Joshi & Balik

Case

[2025] FedCFamC1F 418

15 May 2025


FEDERAL CIRCUIT AND FAMILY COURT OF AUSTRALIA

(DIVISION 1)

Joshi & Balik [2025] FedCFamC1F 418

File number(s): MLC 5917 of 2024
Judgment of: JOHNS J
Date of judgment: 15 May 2025
Catchwords: FAMILY LAW – CHILDREN – Ex Tempore Reasons –Minute of Consent – best interests – live with – decision-making – where the father sought a variation of final parenting orders – where the mother alleged that the father used court processes to intimidate and harass – where there was a history of family violence perpetrated by the father – where the parties reached agreement during the course of proceedings – the mother to have sole decision-making authority – the child to live with the mother – the child to spend time with the father once a month and to have video call communication with him – passport to be issued to the child without the consent of the father  
Legislation Family Law Act 1975 (Cth) ss 60CA, 60CC
Division: Division 1 First Instance
Number of paragraphs: 21
Date of hearing: 15 May 2025
Place: Melbourne
Counsel for the Applicant: Mr Kaufman
Solicitor for the Applicant: Cordoba Legal
Counsel for the Respondent: Mr Whitchurch
Solicitor for the Respondent: Michelle Moloney Family Lawyers

ORDERS

MLC 5917 of 2024

FEDERAL CIRCUIT AND FAMILY COURT OF AUSTRALIA (DIVISION 1)

BETWEEN:

MR JOSHI

Applicant

AND:

MS BALIK

Respondent

ORDER MADE BY:

JOHNS J

DATE OF ORDER:

15 MAY 2025

BY CONSENT THE COURT ORDERS THAT:

1.All previous orders be discharged.

2.The Mother has sole parental responsibility and sole decision-making authority in relation to all decisions concerning major long-term issues as defined by s 4(1) of the Family Law Act 1975 (Cth) for the child X born 2017 (“X”).

3.X live with the Mother.

4.X spend time with the Father once a month from Saturday 10am until Sunday 4pm on the first weekend of each month:

(a)All changeovers to occur at McDonalds City T .

(b)The Mother be permitted to have an agent attend changeover on her behalf.
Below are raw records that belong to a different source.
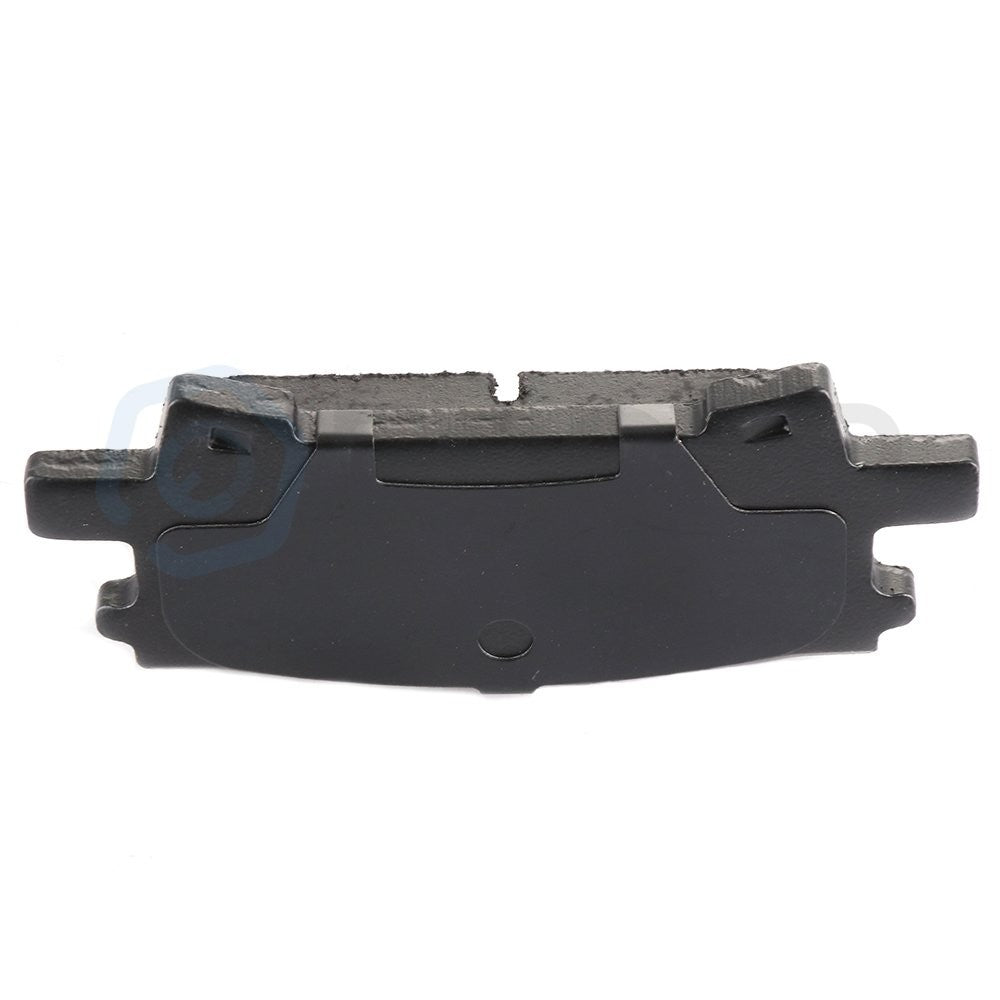 Front Rear Ceramic Brake Pads For 2004 2005 2006 2007 Toyota Highlander 8pcs 6B93BC-57
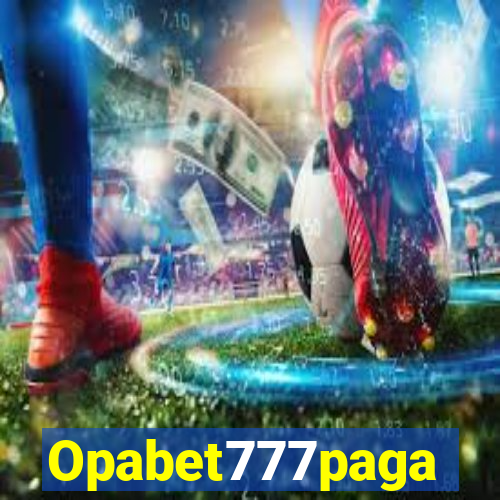 Opabet777paga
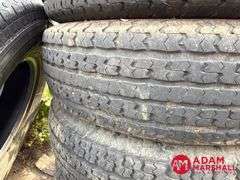 (5) Used Trailer Tires - 235/80R16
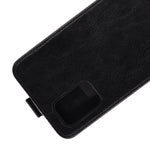 Per Samsung Galaxy A02s R64 Texture Custodia protettiva in pelle a vibrazione verticale singola con slot per schede e cornice per foto, For Galaxy A02s (EU Version)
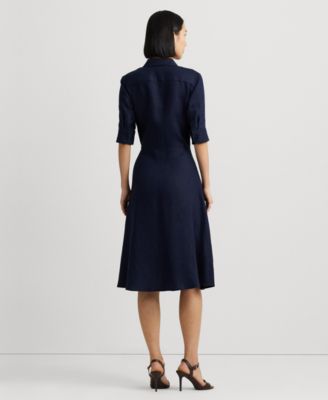 Women's Linen Shirtdress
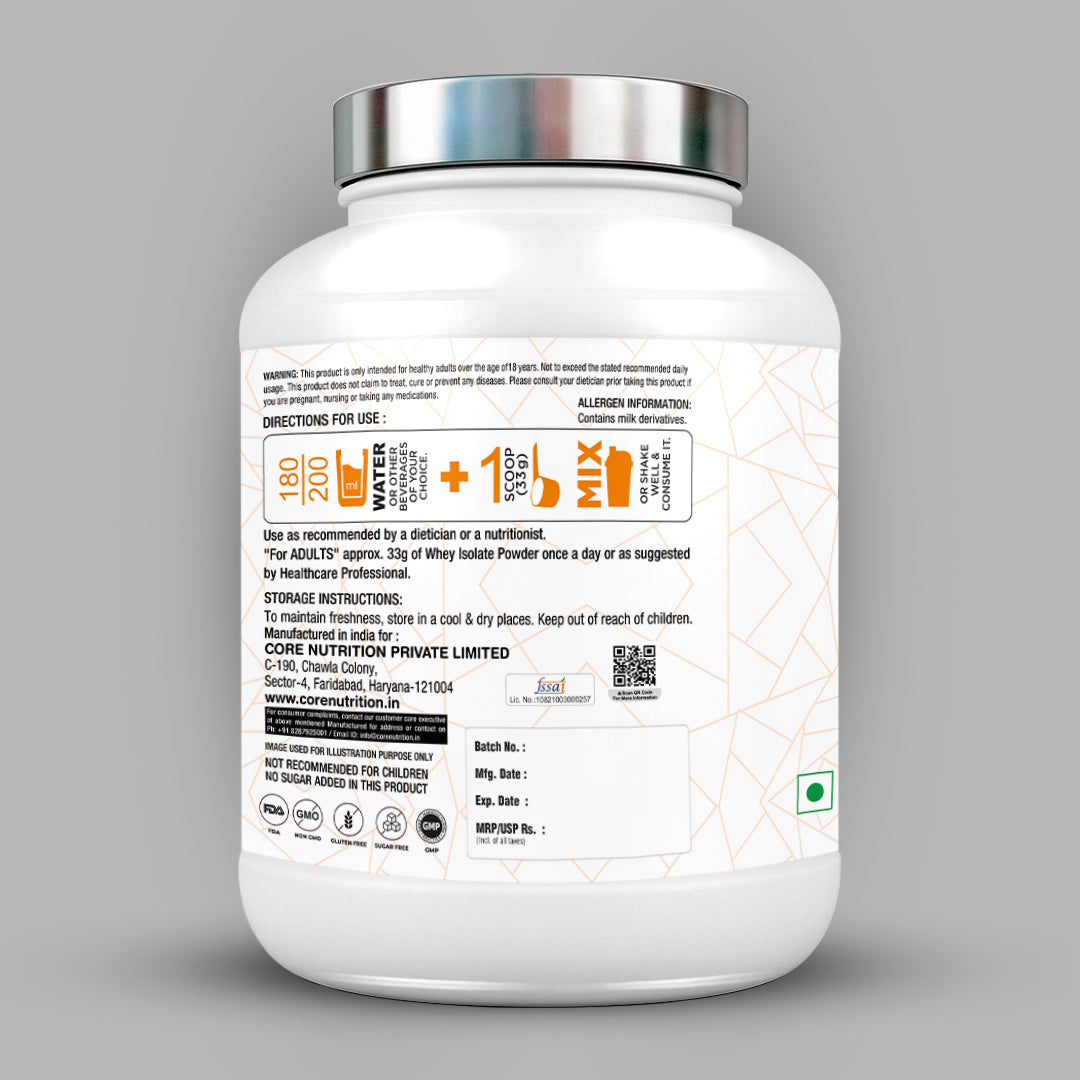 Core Whey - Isolate & Hydrolysate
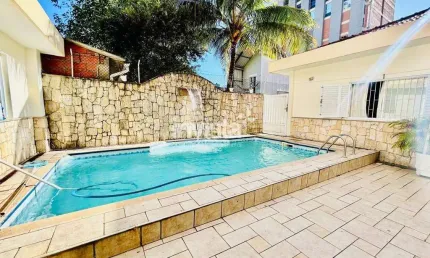Casa com 4 quartos à venda no Campo Grande, Santos 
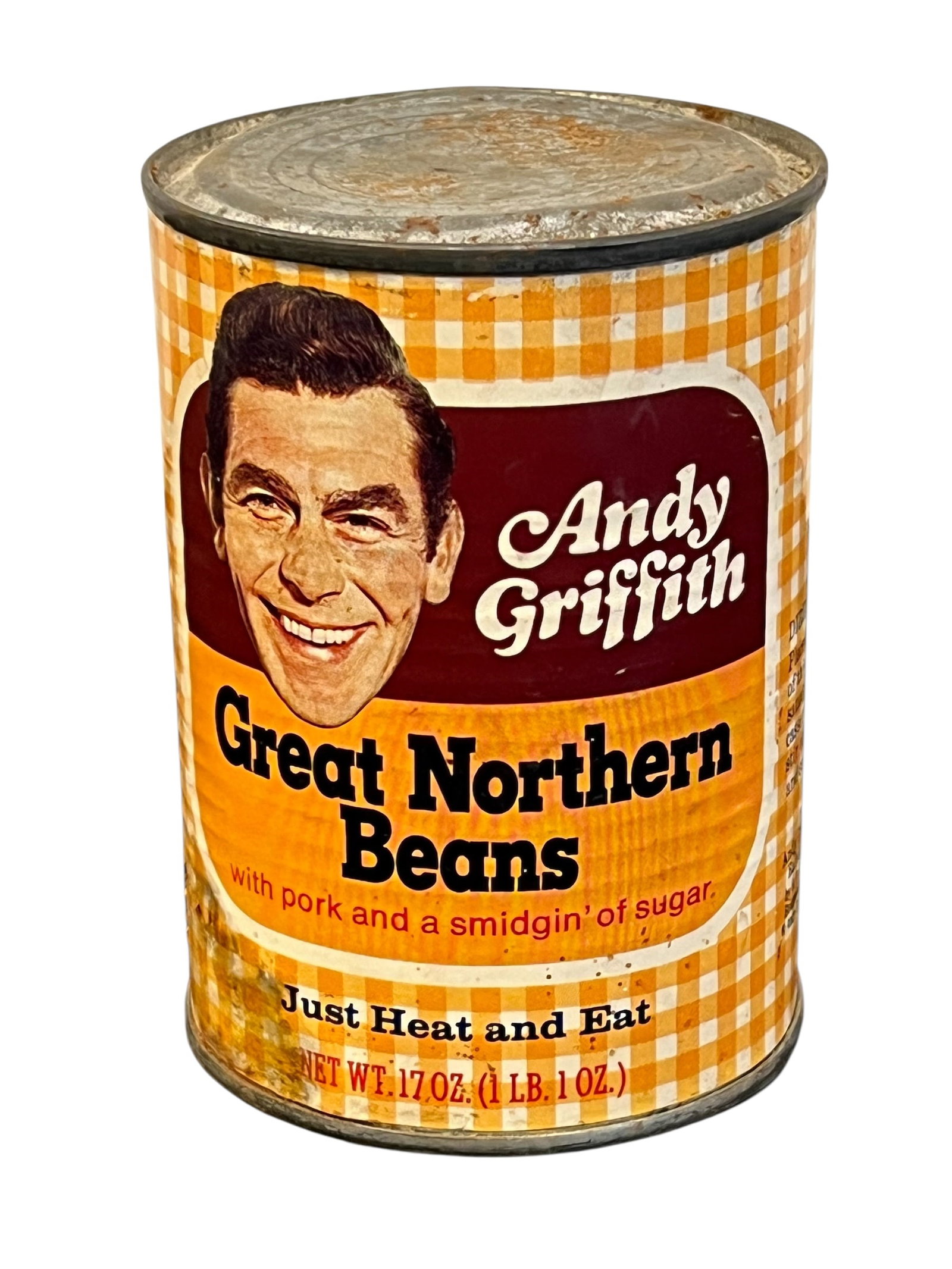 Andy Griffith Great Northern Beans Can (1 of 6)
5.X have video time with the Father:

(a)Once per month on the third Sunday of each month from 5:30pm to 6:30pm on Sunday; and

(b)At other times as agreed in writing.

6.The Mother and the Father do all things required to set up a AppClose Parenting App to be used only for the purpose of communicating with one another about X’s changeovers or video time.

7.The Mother shall provide to the Father within 14 days of receipt, a copy of the child’s school reports and the Mother shall be at liberty to redact or omit any information from those reports which might be used to reveal the child’s address or the location of his school.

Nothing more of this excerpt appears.